**** INPUT DATA

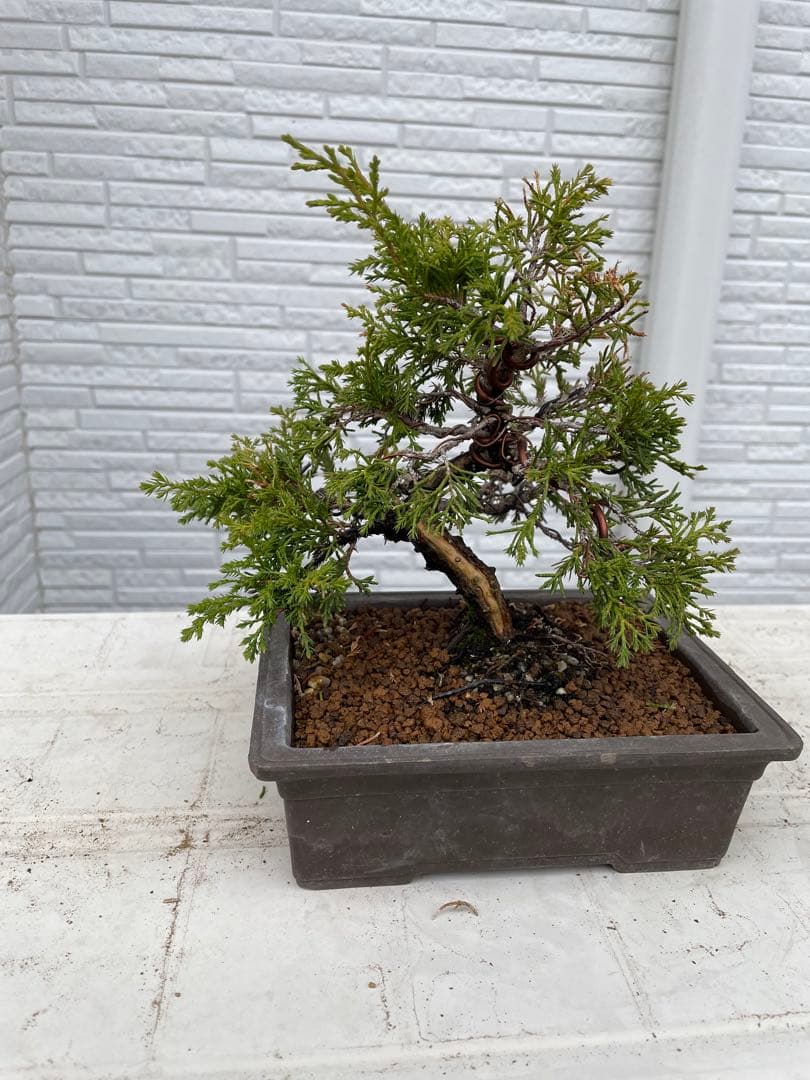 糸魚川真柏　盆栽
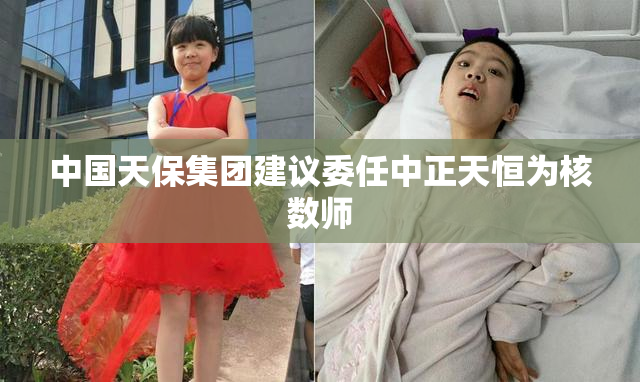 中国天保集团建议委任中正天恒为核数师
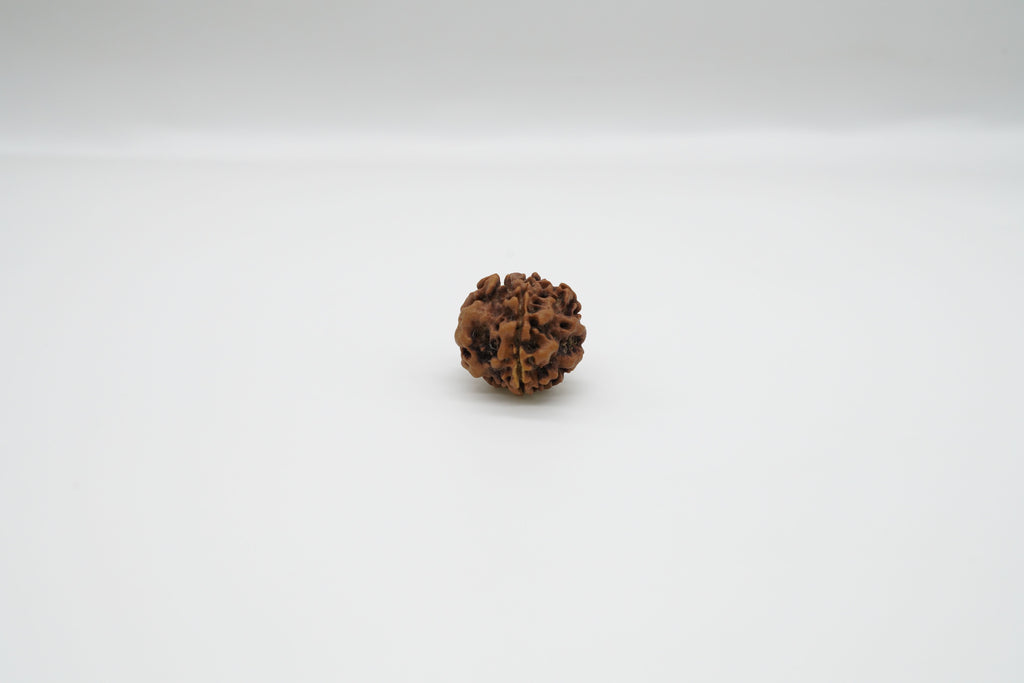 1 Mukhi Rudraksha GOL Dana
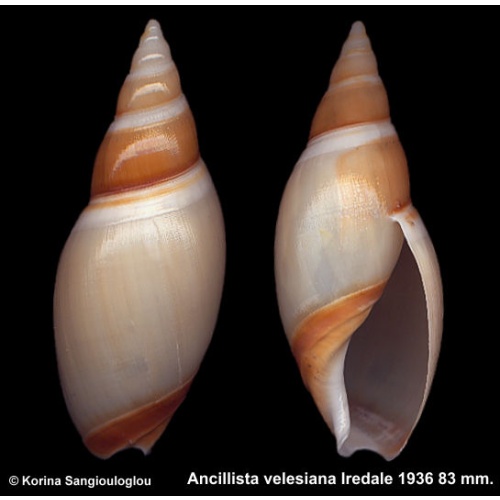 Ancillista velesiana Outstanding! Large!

********

PROBLEM DETAILS
All the material above must be copied exactly, and no picture belongs in the copy.

RESULT FOR THIS EXERCISE
 糸魚川真柏　盆栽
 中国天保集团建议委任中正天恒为核数师
 1 Mukhi Rudraksha GOL Dana
 Ancillista velesiana Outstanding! Large!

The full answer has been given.